(What you should do) Omit all pictures, then repeat the listing exactly.

(Provided data)
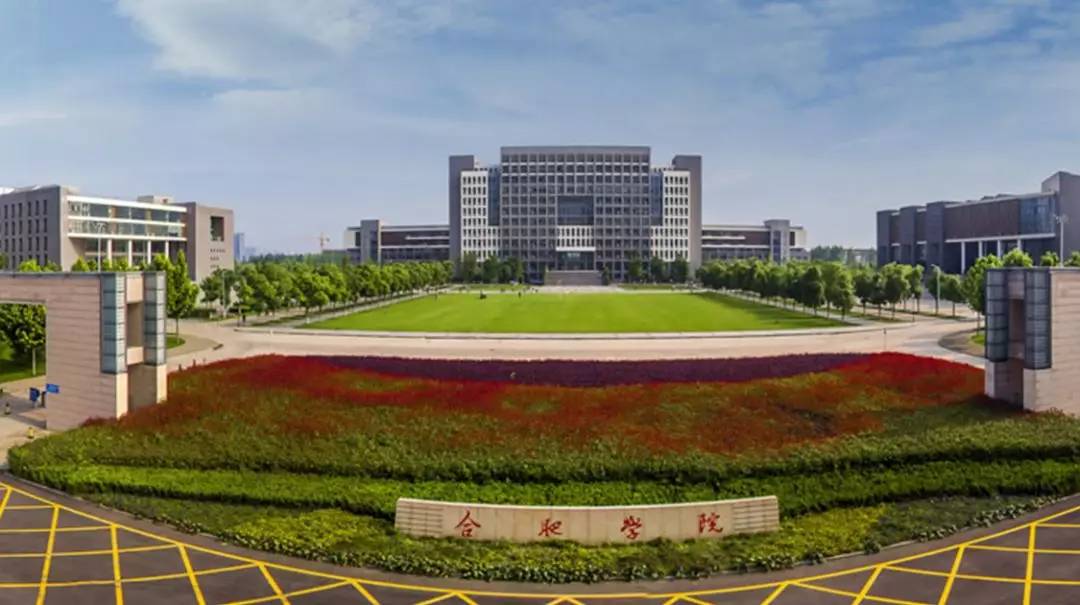 创新中发展"的地方本科院校,其前身是创办于1980年的合肥联合大学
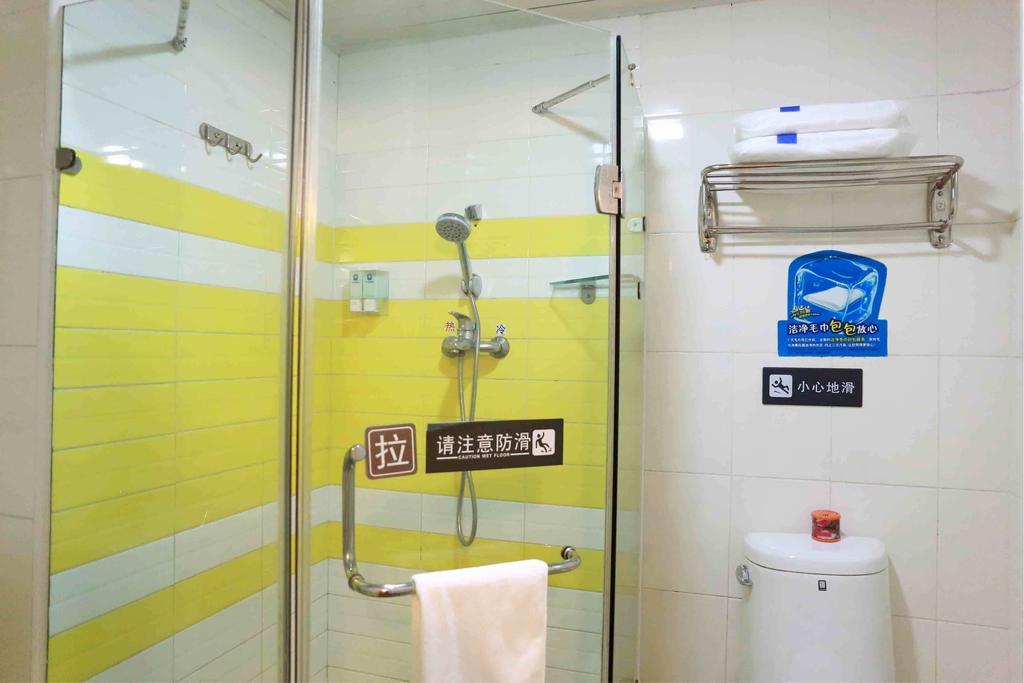 7Days Inn Bijie East Bus Station Branch 객실 사진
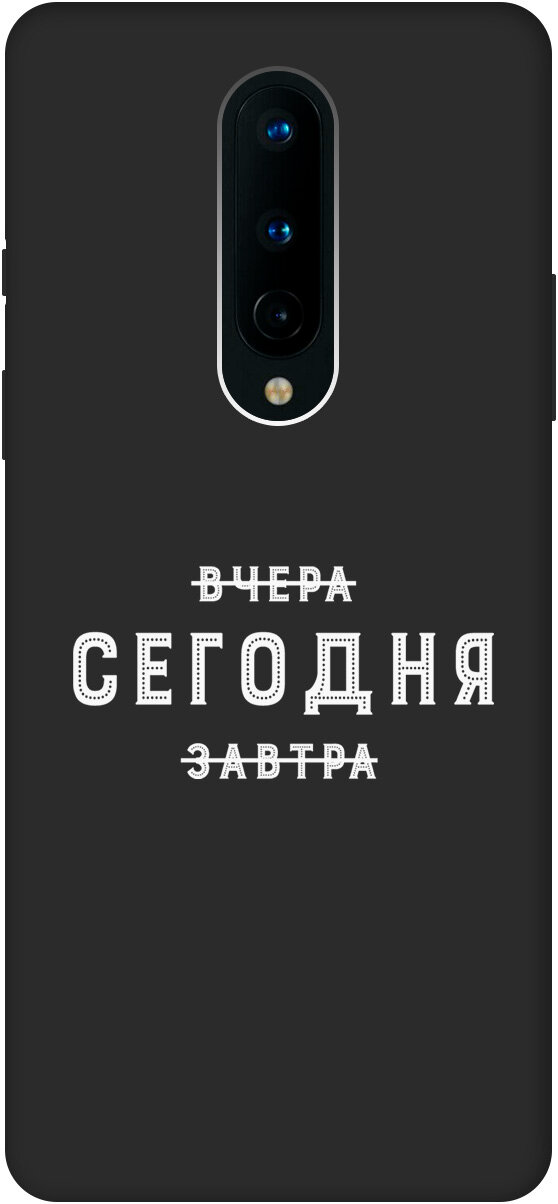 Матовый чехол Today W для OnePlus 8 / ВанПлюс 8 с 3D эффектом черный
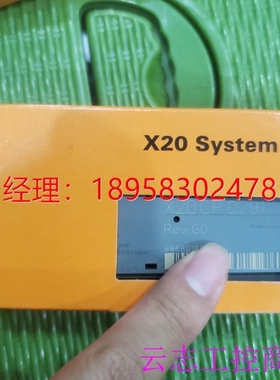 议价未贝加莱x20cp0291为 有要议价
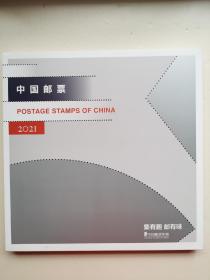 2021年中国邮票年册——方连版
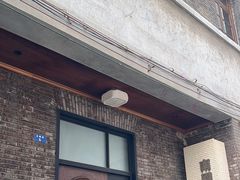 -南园民国茶楼餐厅·常州菜(北大街店)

(Response area)
 创新中发展"的地方本科院校,其前身是创办于1980年的合肥联合大学
 7Days Inn Bijie East Bus Station Branch 객실 사진
 Матовый чехол Today W для OnePlus 8 / ВанПлюс 8 с 3D эффектом черный
 议价未贝加莱x20cp0291为 有要议价
 2021年中国邮票年册——方连版
 -南园民国茶楼餐厅·常州菜(北大街店)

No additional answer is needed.